In an X-formerly-Twitter post yesterday, the SpaceX CEO railed against the centuries-old strategy game, arguing that chess is overly simplistic — and far too fair — compared to real life and is thus useless.

But does Musk actually understand the point of chess at all? Does he think he's simply too good for the game?

"Chess has a tiny number of degrees of freedom compared to reality," he wrote. "Only 64 squares, no fog of war, no tech tree, no terrain differences, same starting pieces & positions every time and you can't invent new pieces during the game."

"All of those factors and more are present in reality," Musk continued. "So it may seem like someone is close to checkmate in reality, but that doesn't matter if they suddenly vaporize the opponent's king with lasers from space that never existed before!"

He concluded with the note that "understanding winning moves in reality" is an even harder task than understanding those in chess.

And, well.. yeah.
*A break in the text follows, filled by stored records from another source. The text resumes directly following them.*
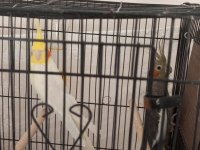 Acil Kafes Ve Yuvalık İçinde Çift Sultan Papağanı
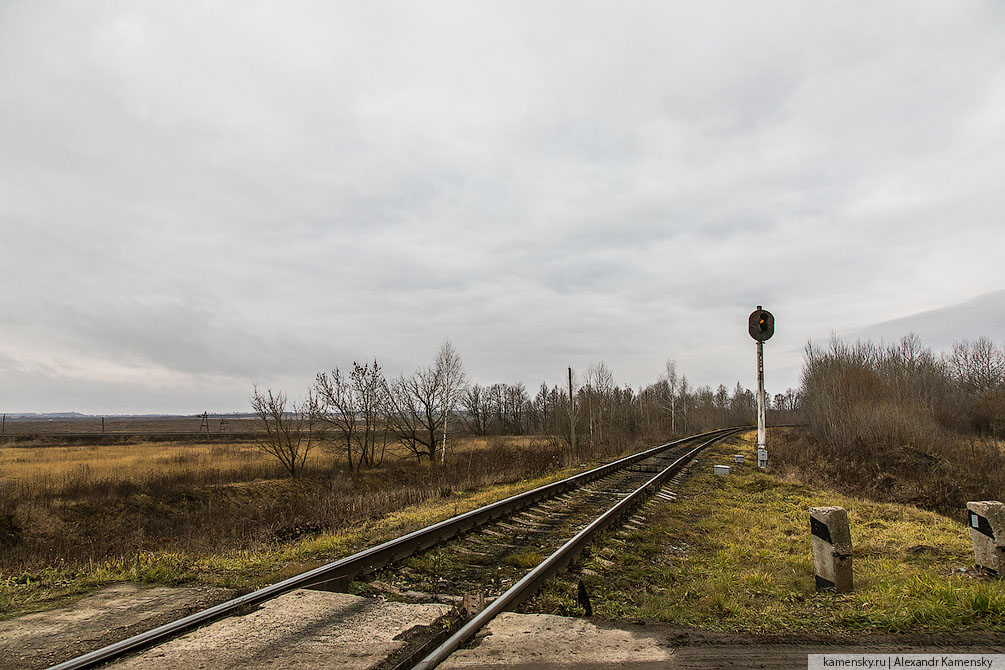 Московская область, зима, БМО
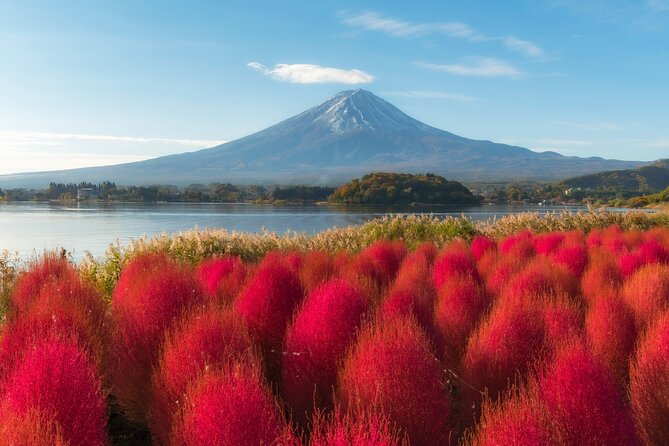 From Tokyo Mt.Fuji, Lake Kawaguchi, Makaino Farm day tour - Oishi Park on Lake Kawaguchi: Fuji Photos Without the Waiting Game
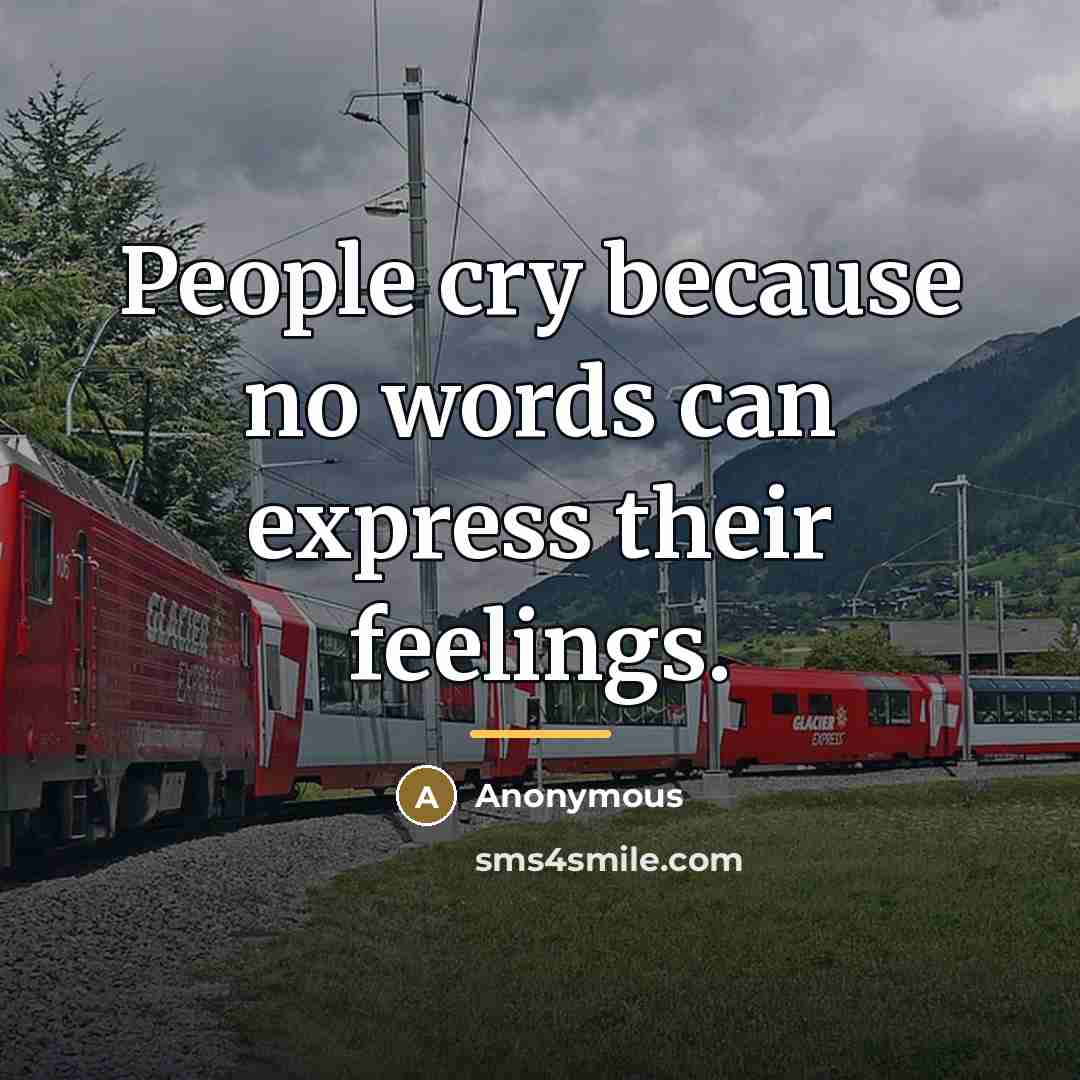 “People cry because no words can express their feelings.…” quote by Anonymous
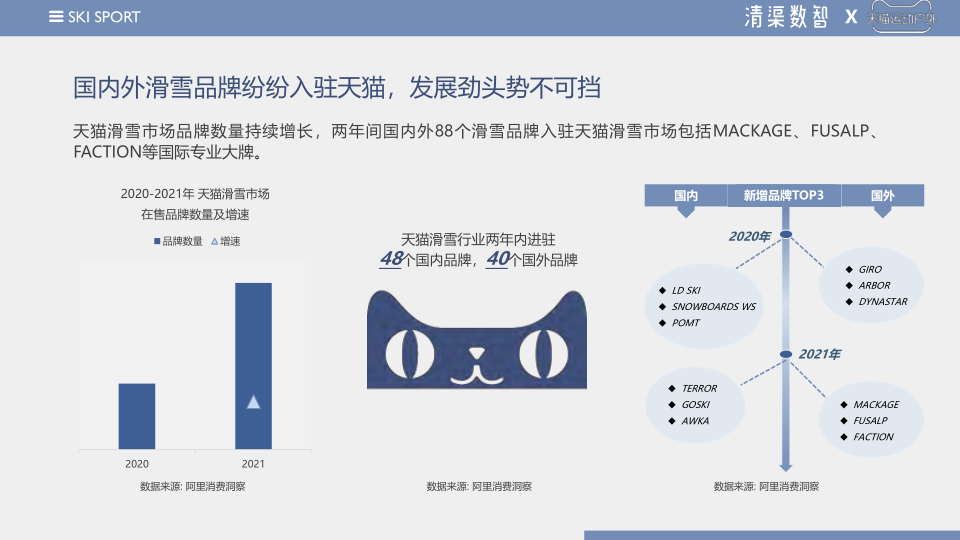 报告页面12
Reality is indeed more complex than chess, because chess is a game, and reality is the real world.

Musk's attempted analogy was arguably a bad one. But butchered narrative devices aside, we'd be remiss not to point out that this is far from the first time the billionaire has taken to the internet to assail the 1,500-year-old strategy game.
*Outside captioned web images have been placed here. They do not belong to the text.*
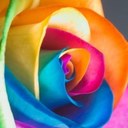 Jill Hardman - @jillart52 - Twitter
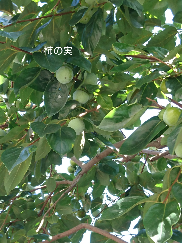 b0224081_12464417.png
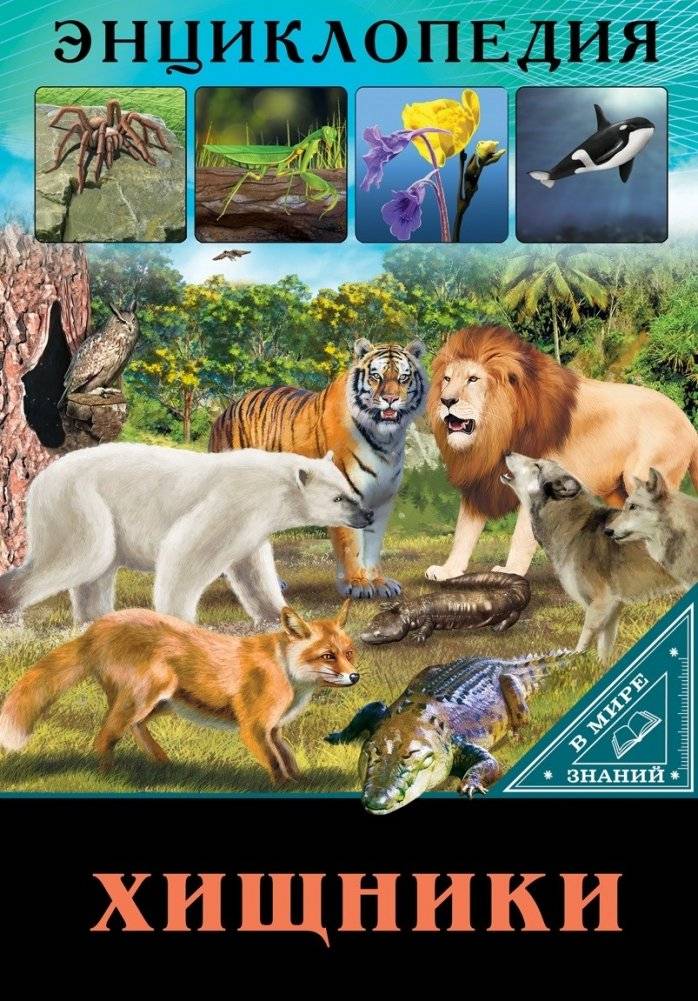 Энциклопедия. Хищники | Encyclopedia: Predators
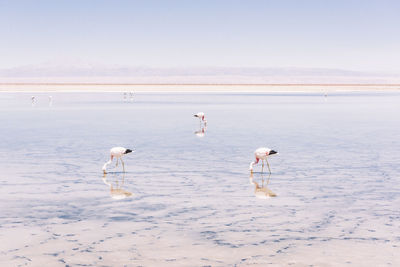 View of birds on beach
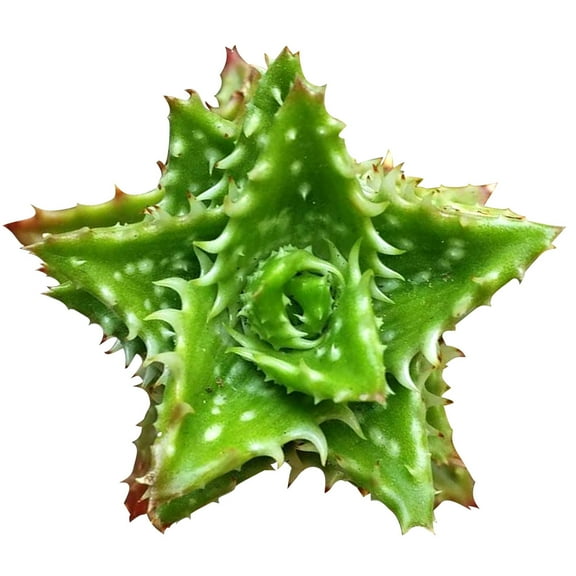 Tiger Tooth Aloe Juvenna (2"  Plastic Pot) - Best Unique Shaped Succulent - Live Healthy Easy to Care Succulent for Beginners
And taken together, it's hard not to ask: does Elon Musk understand chess?

For instance, just about two years ago, in October 2022, Musk took to Twitter to explain that he played chess "as a child," but as a youth apparently already "found it to be too simple to be useful in real life."

In near-identical fashion, he listed the basic facts of the game as evidence for his argument, writing that chess takes place on "a mere eight by eight grid, no fog of war, no technology tree, no random map or spawn position, only two players, both sides exact same pieces, etc."

And a few months before that, in March 2022, Musk once again used his Twitter account to describe chess as a "simple game" that was "understandable when all we had to play with were squirrels and rocks, but now we have computers." (This particular comment prompted a response from the American chess grandmaster Hikaru Nakamura, who shot back a to-the-point "I literally don't care.")

In other words, across the (proverbial, non-chess) board, Musk's general argument against the game is that it's just too simple – the intonation being that it's too simple for him.

Or, perhaps, the billionaire's well-documented obsession with strategy games like Polytopia has robbed him of the enthusiasm required to enjoy a round of chess.

To be sure, Musk was on his South African high school's chess "A" team, so he was at least better at the game than some of the other kids in his classes. Maybe, though, if he'd stuck with the game longer, he would have understood that the confines of chess are the entire point.

Sure, variants exist, and gameplay can be surprising. But if you lose, it's never because an unknown space king is sending space lasers to vaporize you; you might not see an opponent's move coming, but you always have complete information about a board and the pieces in play. In short, there's nothing to blame, other than yourself. It's brutal!

It's completely fine not to like to do something, of course. But Musk's repeated and frankly goofy attacks on the ancient strategy game as just too simplistic for him may actually offer a salient glimpse into the billionaire's mind. After all, this is someone who allegedly surrounds themselves with sycophants; whose employees have reportedly felt forced to laugh at his bad jokes about the number 69; who often sets timelines that he consistently fails to keep; and who, if his rockets blow up, can chalk it up to an undiagnosed "anomaly" and move on to the next one.

In other words, he either needs to be the king with space lasers, or needs one to blame. Give the guy a set grid and even playing pieces, and the emperor risks wearing no clothes.

"He 100 percent was that kid who threw 'gun' in rock/paper/scissors," one X user observed.